> **What you will do**:
Reproduce all entries below verbatim. Skip the pictures.

*** Provided information ***

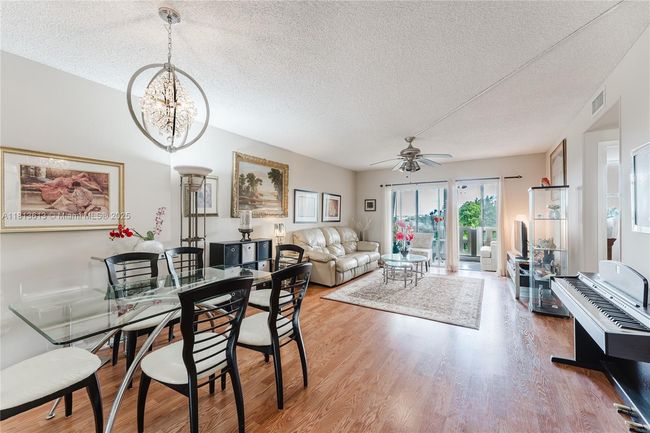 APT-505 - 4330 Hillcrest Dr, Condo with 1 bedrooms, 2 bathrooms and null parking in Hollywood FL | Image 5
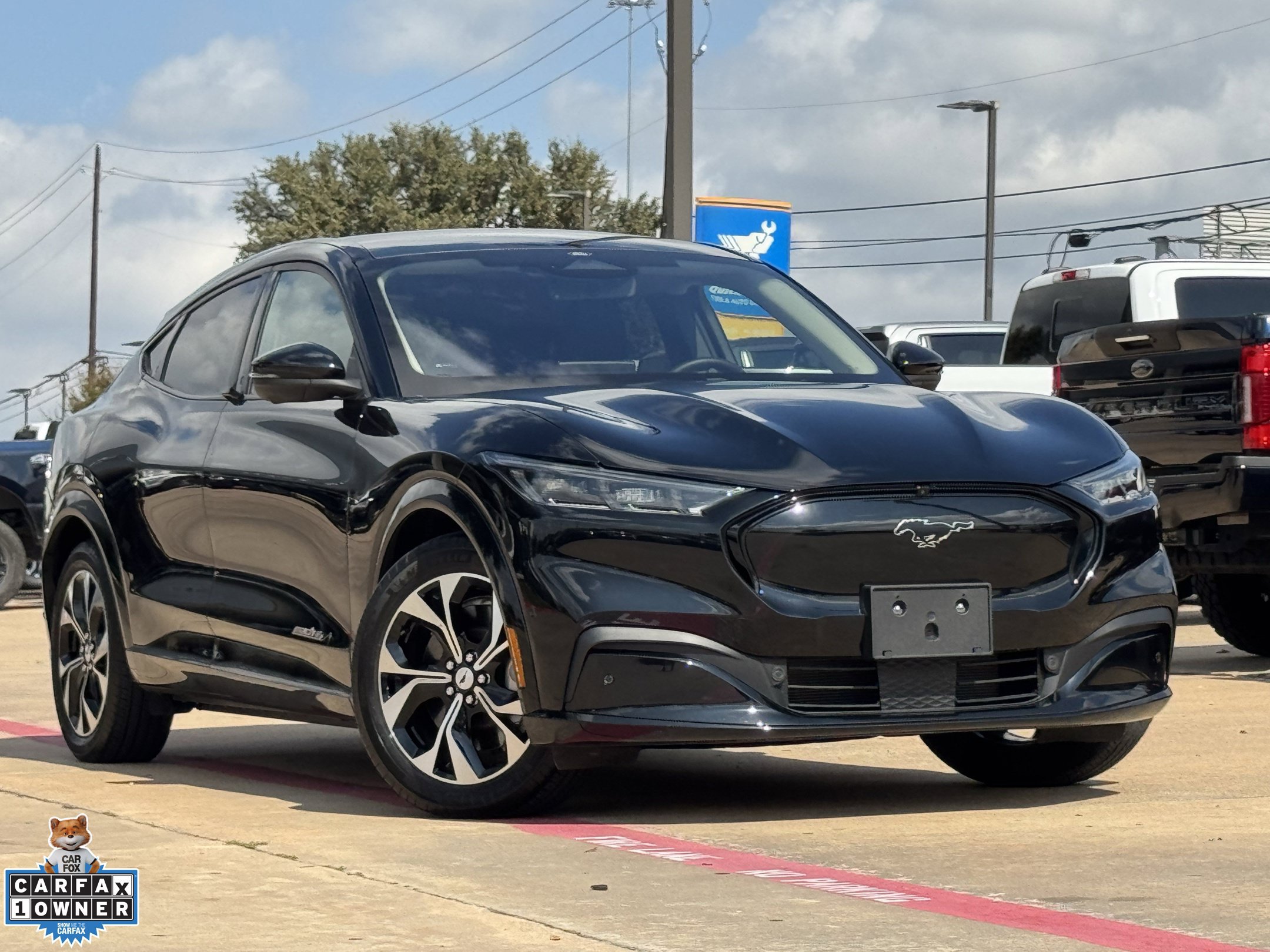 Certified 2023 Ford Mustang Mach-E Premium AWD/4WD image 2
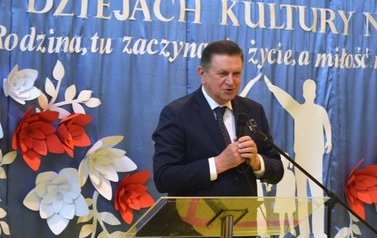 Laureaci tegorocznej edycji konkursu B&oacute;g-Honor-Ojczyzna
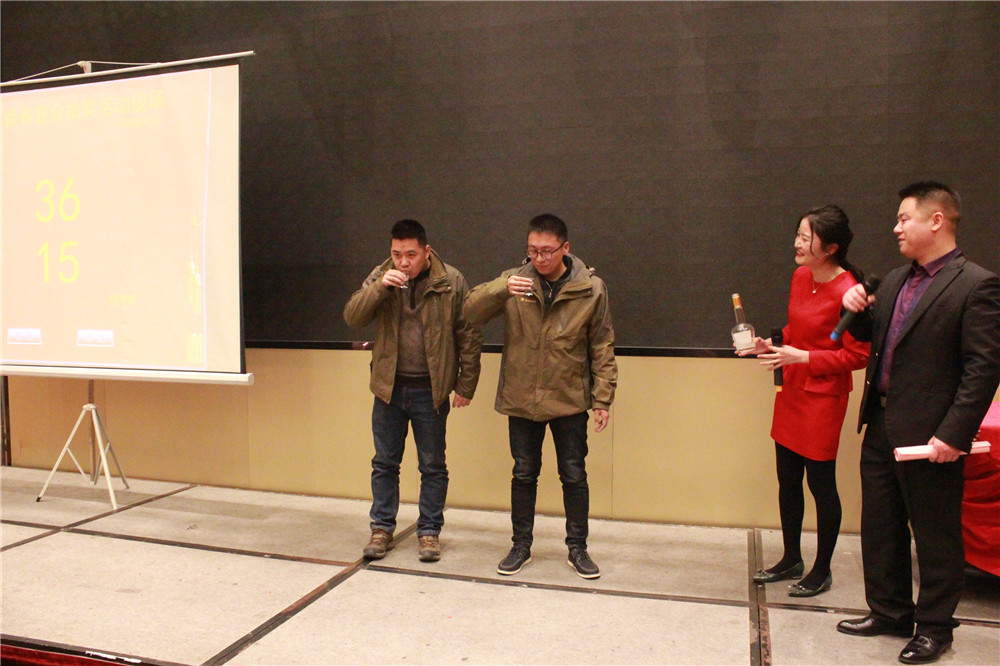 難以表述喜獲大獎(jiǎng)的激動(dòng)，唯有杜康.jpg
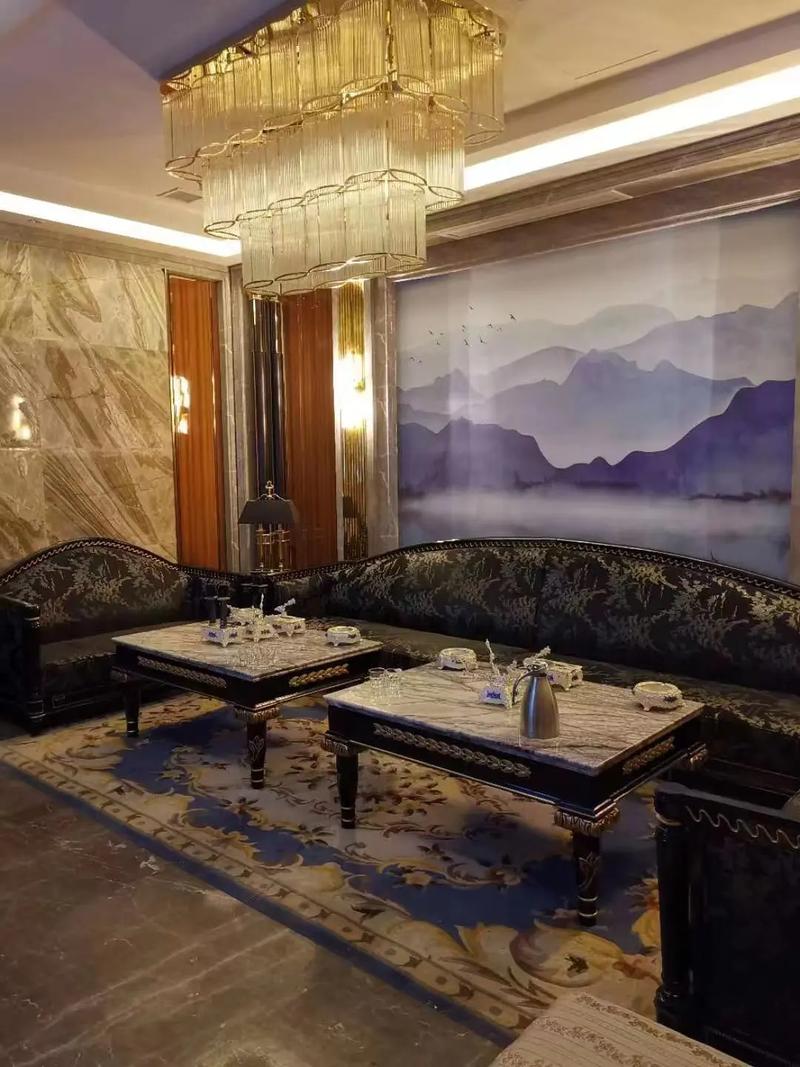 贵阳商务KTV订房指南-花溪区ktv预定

*** End of Provided information ***

> **Solution to this exercise**:
 APT-505 - 4330 Hillcrest Dr, Condo with 1 bedrooms, 2 bathrooms and null parking in Hollywood FL | Image 5
 Certified 2023 Ford Mustang Mach-E Premium AWD/4WD image 2
 Laureaci tegorocznej edycji konkursu B&oacute;g-Honor-Ojczyzna
 難以表述喜獲大獎(jiǎng)的激動(dòng)，唯有杜康.jpg
 贵阳商务KTV订房指南-花溪区ktv预定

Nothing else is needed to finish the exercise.